Delete this whole PropertyStore key, and everything under it, out of the registry.

HKEY_CURRENT_USER\Software\Microsoft\Internet Explorer\LowRegistry\Audio\PolicyConfig\PropertyStore  

It would be good to export that section for backup first, or have a whole image backup of the system, because . . . well it doesn't make sense that it is under internet explorer?

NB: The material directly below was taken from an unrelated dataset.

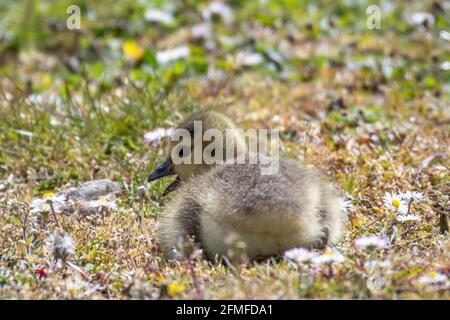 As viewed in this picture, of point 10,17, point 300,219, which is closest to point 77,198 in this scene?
point 300,219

It doesn't make any sense to me, but it holds that information, and I tested it. I tested it after confirming that the data is cleanable. On 2 forums they are indicating that this data would be good in a cleanup utility. I tested by tossing out the whole of mine, and re-booting. I tested by making adjustments and refreshing the registry to observe the change in data there from the mixer adjustments. Of course if you're using such a cleanup utility at boot, then maybe it was included in it?

This would only be a start at trying to find out why the info isn't being used.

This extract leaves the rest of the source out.